Research appearing in The Lancet Oncology suggests that those receiving one year of treatment have a 1.2% risk.
Researchers have identified what they call is a modest but significant link between angiotensin receptor blocker (ARB) therapy and the development of new cases of cancer. The Case Western Reserve University School of Medicine team claim that their findings suggest ARB therapy results in a 1.2% absolute risk of any type of cancer developing in patients receiving at least one year of treatment. Lung cancer was the only solid organ cancer that appeared to be significantly increased in patients taking ARBs.
The study didn’t find a significant excess in cancer deaths associated with ARB therapy. However, the authors stress, the process of cancer development, progression, and death is typically slow, particularly after multiple cancer treatments. They noted that conclusions from their meta-analysis of data from trials not geared for longer-term follow-up can’t be drawn.
Moreover, when analysis was limited to the three trials where cancer was a prespecified endpoint and cancer data was collected rigorously, there was a significant increase in risk of cancer associated with ARB therapy. They point out that cancer data was not available in peer-reviewed publications or FDA website documents for several randomized trials of ARBs, “which raises the concern of publication bias.” In fact, most trials did not even collect cancer information.
Results from the Case Western team’s research are published in The Lancet Oncology in a paper titled “Angiotensin-receptor blockade and risk of cancer: meta-analysis of randomised controlled trials.”
Currently, there are no major safety concerns with ARBs apart from their use in pregnancy, renal-artery stenosis, and chronic kidney disease, reports lead author, Ilke Sipahi, M.D., and colleagues. Clinical trials of ARBs have mainly assessed their effects on cardiovascular and renal endpoints and have usually not reported incidence of cancers. Experimental studies, however, have implicated the renin-angiotensin system, particularly angiotensin II type-1 and type-2 receptors, in the regulation of cellular proliferation, angiogenesis, and tumor progression.
In addition, the 2003 Candesartan in Heart Failure Assessment of Reduction in Mortality and Morbidity (CHARM) study, which assessed ARBs in heart failure, reported an unexpected finding of significantly higher fatal cancers in the candesartan group than in the placebo group.
“Because the results of several other large ARB trials have become available since the publication of the CHARM trial, we decided to do a meta-analysis of randomized controlled trials of these drugs to examine their effect on occurrence of new cancers,” the Case Western team explains. “Our secondary objectives were to determine whether ARBs affect the occurrence of specific solid organ cancers and cancer deaths.”
The resulting trial included an evaluation of all publicly available data from ARB trials published before November 2009. Dr. Sipahi and colleagues focused on only those trials evaluating one of the seven currently approved ARB drugs. They investigated the incidence of new cancer data in five trials involving nearly 62,000 patients, common types of solid organ cancers in five trials of 68,00 patients, and cancer deaths in eight trials including 93,500 patients. Although new cancer data were available for three of the seven FDA-approved ARBs, over 85% of patients in all the trials were treated using the ARB telmisartan.

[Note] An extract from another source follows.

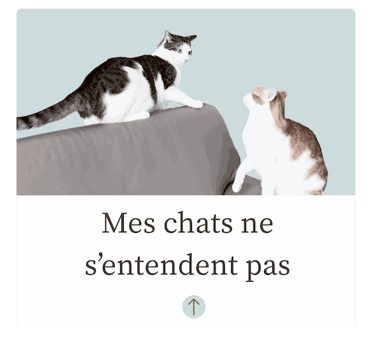 Chats ne s'entendent pas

The authors stress that given the limited data “it is not possible to draw conclusions about the exact risk of cancer associated with each particular ARB.” They conclude, however, that “the finding of a 1.2 percent increase in absolute cancer risk over an average of four years needs to be interpreted in view of the estimated 41 percent background lifetime cancer risk.”

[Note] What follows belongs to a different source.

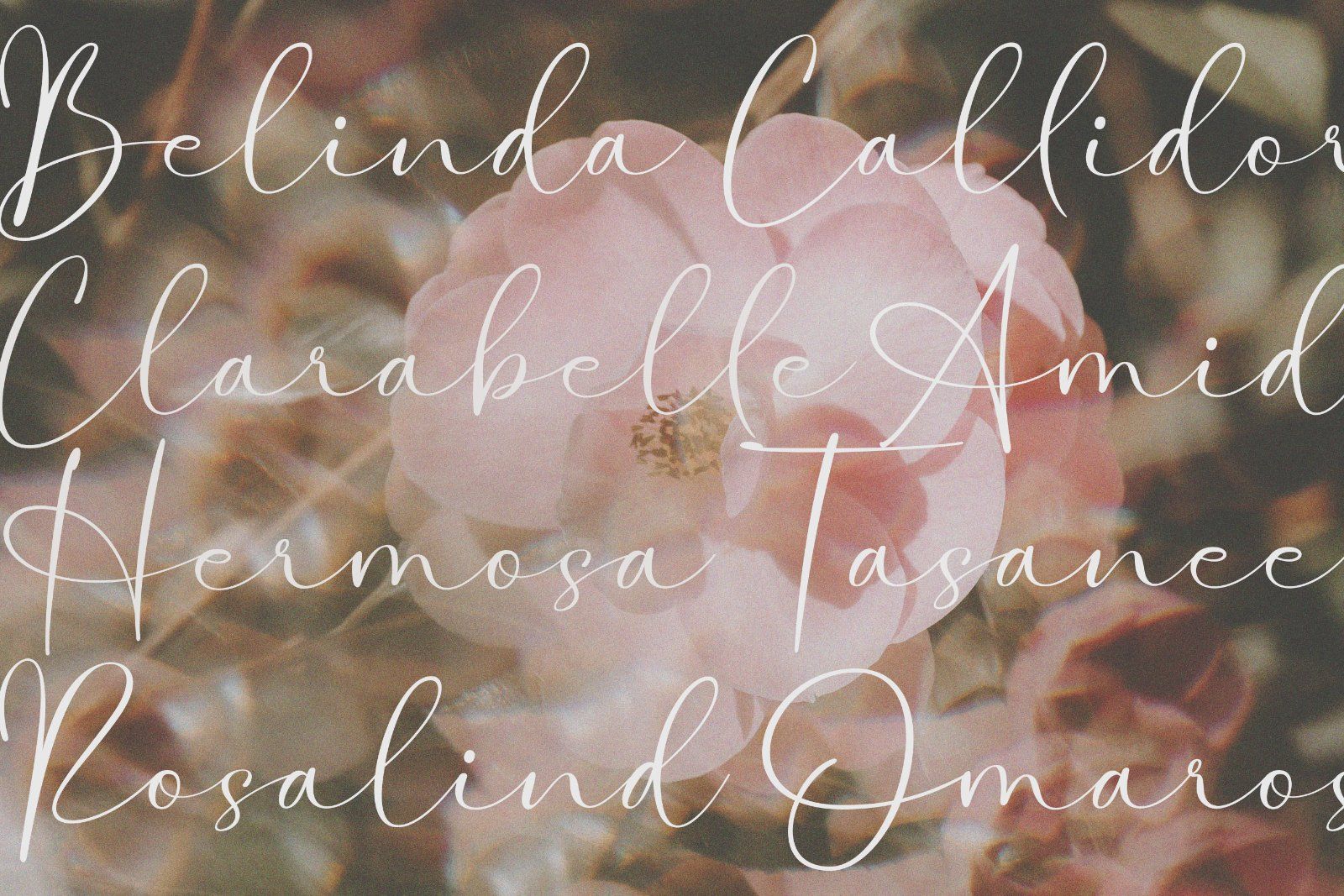 Kinslee - Elegant Handwritten Script Font — image 6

In an accompanying commentary piece in the same issue of The Lancet Oncology, Steven E. Nissen, M.D., at Cleveland Clinic’s department of Cardiovascular Medicine claims that the findings are “disturbing and provocative, raising crucial drug safety questions for practitioners and the regulatory community.”
He suggests that since full trial data available for developmental drugs are often more detailed than the results presented in published reports, regulatory authorities should request that ARB pharma companies submit complete trial datasets for evaluation.
“Regulators must review the possible association between ARB use and cancer and promptly report their findings,” he notes. “In the interim, we should use ARBs, particularly telmisartan, with greater caution.”